Hafif’e ilk yazdığım yazı Bolu il sınırları içinde bulunan şu takvim yapraklarından bildiğimiz Yedigöller ile ilgili idi. Puslu bir nisan gününde ilk defa gittiğim Yedigöller’in büğüleyici güzelliğini sizlerle paylaşmadan edemememiştim. Birkaç hafta önce bir kere daha bu sefer bu sıradışı doğa parçasının sonbaharına gittim ve bambaşka bir manzara ile karşılaştım.Hava durumu raporları her ne kadar yağmurdan buluttan bahsettiyse de gittiğimiz gün hava günlük güneşlikti. Önceden çisireyen hafif bir yağmurun ardından çıkan kuvvetli güneş, son baharın renklerinden oluşan bir diğer gökkuşağının içinde canlı renkleri ile belirgin bir gökkuşağı görmemize de vesile oldu. Fotoğraflayamadım ama tek kelimeyle muhteşemdi.Yolun dar, toprak ve kötü olduğundan ilk baharda yazdığım yazıda da dem vurmuştum zaten. Değişen birşey yok. Gene kötü, gene kötü. Piknikçilerin ve tatilcilerin istilasını engellemek içinde kötü kalacak.

Kapankayadan manzara
Kapankayadan manzara

Yedigöllere ulaşmadan yol üzerinde önce Kapankaya’ya çıktık. Burası yol üzerinde ağaçtan oluşan merdivenlerle çıkılan muhteşem manzaralı bir seyir alanı. Parlak güneşin altında her an buharlaşıverecekmiş gibi gözüken harika bir manzarası vardı.

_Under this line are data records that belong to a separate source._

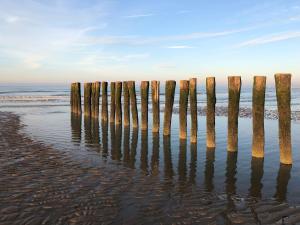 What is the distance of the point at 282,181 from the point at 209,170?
4.99ft

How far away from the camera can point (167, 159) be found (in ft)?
30.0

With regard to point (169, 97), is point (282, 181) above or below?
below

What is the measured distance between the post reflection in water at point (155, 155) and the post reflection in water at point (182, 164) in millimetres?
502

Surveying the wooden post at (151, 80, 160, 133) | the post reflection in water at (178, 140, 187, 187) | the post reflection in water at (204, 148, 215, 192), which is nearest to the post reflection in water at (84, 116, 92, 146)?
the wooden post at (151, 80, 160, 133)

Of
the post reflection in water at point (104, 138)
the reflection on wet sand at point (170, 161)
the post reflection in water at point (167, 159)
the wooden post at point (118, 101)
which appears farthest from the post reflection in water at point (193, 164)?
the wooden post at point (118, 101)

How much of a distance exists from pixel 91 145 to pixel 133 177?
3940mm

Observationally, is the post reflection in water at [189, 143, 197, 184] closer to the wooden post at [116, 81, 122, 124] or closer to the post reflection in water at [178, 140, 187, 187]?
the post reflection in water at [178, 140, 187, 187]

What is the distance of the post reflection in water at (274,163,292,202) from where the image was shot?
6305mm

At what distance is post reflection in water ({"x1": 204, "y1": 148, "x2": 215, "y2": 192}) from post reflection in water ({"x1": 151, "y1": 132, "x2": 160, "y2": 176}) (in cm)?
105

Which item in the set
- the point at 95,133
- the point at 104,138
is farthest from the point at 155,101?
the point at 95,133

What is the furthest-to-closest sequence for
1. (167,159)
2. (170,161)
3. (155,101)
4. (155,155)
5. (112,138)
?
(155,101), (112,138), (155,155), (167,159), (170,161)

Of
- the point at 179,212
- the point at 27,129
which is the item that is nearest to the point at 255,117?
the point at 179,212

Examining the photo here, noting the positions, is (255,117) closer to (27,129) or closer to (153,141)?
(153,141)

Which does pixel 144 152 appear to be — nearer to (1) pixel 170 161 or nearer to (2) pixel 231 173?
(1) pixel 170 161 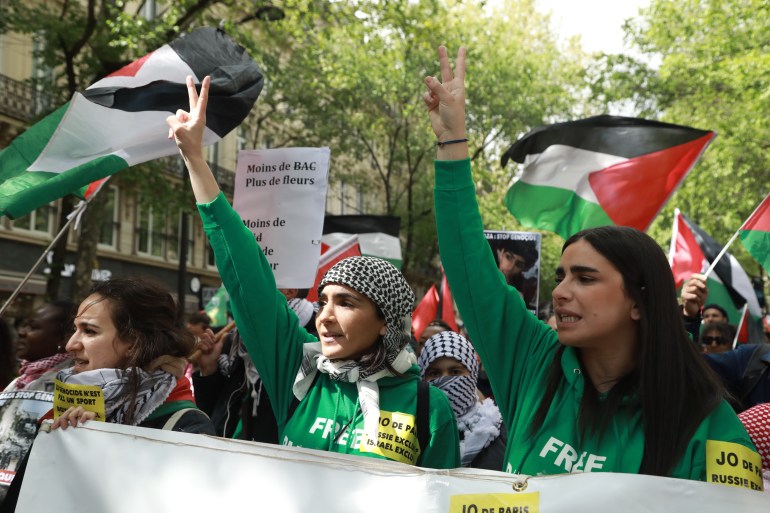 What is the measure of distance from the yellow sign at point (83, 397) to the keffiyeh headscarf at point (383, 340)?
24.6 inches

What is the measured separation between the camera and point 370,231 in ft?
30.9

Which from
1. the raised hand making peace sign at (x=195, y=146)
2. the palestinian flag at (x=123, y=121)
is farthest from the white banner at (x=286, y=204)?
the raised hand making peace sign at (x=195, y=146)

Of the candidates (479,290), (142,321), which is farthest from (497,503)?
(142,321)

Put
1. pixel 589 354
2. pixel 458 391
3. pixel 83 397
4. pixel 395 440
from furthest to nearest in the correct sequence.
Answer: pixel 458 391, pixel 395 440, pixel 83 397, pixel 589 354

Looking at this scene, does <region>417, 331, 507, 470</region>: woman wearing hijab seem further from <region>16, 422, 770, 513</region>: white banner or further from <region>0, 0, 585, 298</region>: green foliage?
<region>0, 0, 585, 298</region>: green foliage

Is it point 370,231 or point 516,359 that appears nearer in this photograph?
point 516,359

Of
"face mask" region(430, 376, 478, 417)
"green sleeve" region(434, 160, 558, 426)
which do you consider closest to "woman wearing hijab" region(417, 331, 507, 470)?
"face mask" region(430, 376, 478, 417)

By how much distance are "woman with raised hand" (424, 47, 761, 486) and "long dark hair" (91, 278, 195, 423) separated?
1.09m

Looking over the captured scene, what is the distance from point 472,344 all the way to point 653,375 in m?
0.75

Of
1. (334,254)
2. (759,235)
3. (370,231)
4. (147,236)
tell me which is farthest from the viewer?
(147,236)

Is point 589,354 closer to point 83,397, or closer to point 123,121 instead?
point 83,397

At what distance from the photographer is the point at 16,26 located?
13.1 metres

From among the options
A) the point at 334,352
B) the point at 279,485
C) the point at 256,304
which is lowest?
the point at 279,485

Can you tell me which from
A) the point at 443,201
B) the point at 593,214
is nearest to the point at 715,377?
the point at 443,201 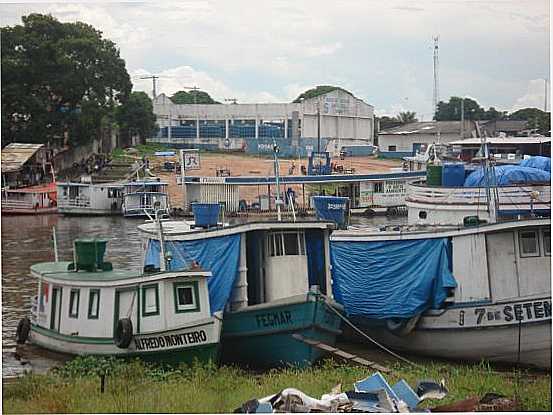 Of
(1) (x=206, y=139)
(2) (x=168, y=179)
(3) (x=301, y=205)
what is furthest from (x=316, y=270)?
(1) (x=206, y=139)

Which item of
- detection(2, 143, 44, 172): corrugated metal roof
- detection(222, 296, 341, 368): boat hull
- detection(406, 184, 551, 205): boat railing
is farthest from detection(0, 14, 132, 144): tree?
detection(222, 296, 341, 368): boat hull

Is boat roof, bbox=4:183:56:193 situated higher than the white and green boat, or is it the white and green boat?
boat roof, bbox=4:183:56:193

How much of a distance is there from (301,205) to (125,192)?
5.60m

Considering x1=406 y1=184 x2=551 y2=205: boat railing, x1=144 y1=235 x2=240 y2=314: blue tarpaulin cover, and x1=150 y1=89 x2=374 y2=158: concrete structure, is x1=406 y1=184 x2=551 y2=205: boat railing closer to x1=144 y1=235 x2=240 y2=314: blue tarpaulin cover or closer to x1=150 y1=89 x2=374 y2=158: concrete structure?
x1=144 y1=235 x2=240 y2=314: blue tarpaulin cover

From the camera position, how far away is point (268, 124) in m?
38.2

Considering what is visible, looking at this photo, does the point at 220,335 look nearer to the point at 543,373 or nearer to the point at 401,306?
the point at 401,306

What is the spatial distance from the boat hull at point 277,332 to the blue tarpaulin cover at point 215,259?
0.94ft

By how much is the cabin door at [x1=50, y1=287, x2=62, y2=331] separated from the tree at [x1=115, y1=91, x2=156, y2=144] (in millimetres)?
22335

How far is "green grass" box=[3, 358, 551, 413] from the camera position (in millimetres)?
8297

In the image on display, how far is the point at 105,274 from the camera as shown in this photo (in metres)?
11.3

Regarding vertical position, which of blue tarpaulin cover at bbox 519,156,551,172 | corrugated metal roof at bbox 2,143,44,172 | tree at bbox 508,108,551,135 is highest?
tree at bbox 508,108,551,135

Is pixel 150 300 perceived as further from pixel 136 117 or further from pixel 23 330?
pixel 136 117

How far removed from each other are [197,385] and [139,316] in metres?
1.65

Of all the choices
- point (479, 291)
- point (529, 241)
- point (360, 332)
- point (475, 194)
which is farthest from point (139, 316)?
point (475, 194) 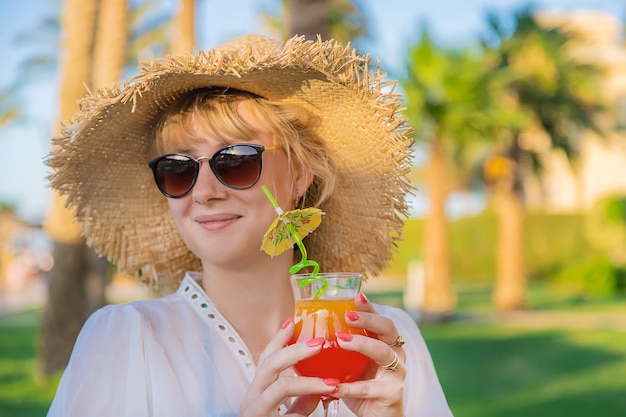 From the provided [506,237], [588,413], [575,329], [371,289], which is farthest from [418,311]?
[588,413]

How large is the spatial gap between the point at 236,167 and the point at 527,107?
17874mm

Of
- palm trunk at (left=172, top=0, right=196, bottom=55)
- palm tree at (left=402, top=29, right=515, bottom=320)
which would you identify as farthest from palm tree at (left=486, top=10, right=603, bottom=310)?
palm trunk at (left=172, top=0, right=196, bottom=55)

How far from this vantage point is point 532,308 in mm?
20000

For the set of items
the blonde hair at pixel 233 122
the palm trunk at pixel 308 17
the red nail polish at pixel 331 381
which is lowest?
the red nail polish at pixel 331 381

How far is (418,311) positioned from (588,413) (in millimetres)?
10121

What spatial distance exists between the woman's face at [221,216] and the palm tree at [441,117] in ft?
48.7

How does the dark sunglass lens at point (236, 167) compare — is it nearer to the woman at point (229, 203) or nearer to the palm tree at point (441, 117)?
the woman at point (229, 203)

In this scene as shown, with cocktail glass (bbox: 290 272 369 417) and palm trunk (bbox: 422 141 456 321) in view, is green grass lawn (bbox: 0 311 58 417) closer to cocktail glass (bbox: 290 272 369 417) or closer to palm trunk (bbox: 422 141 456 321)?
cocktail glass (bbox: 290 272 369 417)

Daha sonrada ağaçlar arasından son bahar yapraklarla kaplı belli belirsiz bir patikadan yokuş yukarı yürüyerek ulaşılan 500 yıllık bir çam ağacının yanına ulaştık. Çam ağacı ağaçtı işte. Hatta çevresindeki kayın ağaçları öyle bir kamufle etmişki ancak ağacın en tepesinde yer alan üç beş daldaki yapraklarını miyop gözlerim görünceye kadar şiddetle “hayır bu kayın ağacı iştee” diye direttim. Gövdesi oldukça geniş. Devasa bir de boyu var. Ama bence ağaçlar arasından belli belirsiz yere ulaşan güneş parçacıkları arasında ayaklarını sonbahar yapraklarına gömerek ve her adımda çıkan hışırtıları dinleyerek ona giden yolu yürümek çok daha güzel.Yedigöller Milli Parkının girişinde inip göllere doğru yürüdük. Yolda yan yana yedi ayrı borudan su akan bir çeşme var. Rivayete göre bu akan yedi yerden de su içip ardından dilek tutarsan dileğin gerçek oluyormuş. Yalan ilk baharda tuuttuğum dilek olmadı. :))

Bir dere boyunca aşağıya doğru yürümeye devam ettiğimizde bu suyun yatağına kayan toprağın ardında suların birikmesi ile oluşan gölleri gördük sırası ile. İncegöl, Sazlı Göl, Nazlı Göl, Kuru Göl (ilk baharda görmüştüm ama bu gidişimde adı gibi kurumuştu) Derin Göl, Büyük Göl ve Serin Göl. Göllerin suyu çekilmişti ilkbahara göre. Bazılarının üzeri de yosun kaplıydı. Ama büyük göl ve serin göl üzerine dökülen sonbahar yaprakları ile çocukluğumun duvar takvimlerindeki harika manzaranın aynısıydı.

Güzel ve güneşli bir sonbahar gününü kayın ağaçlarının gölgesinde ve muhteşem göllerin yakınında geçirmek bana iyi geldi. Bu güzelliği geç de olsa sizinle paylaşmak istedim.Size de tavsiye ederim.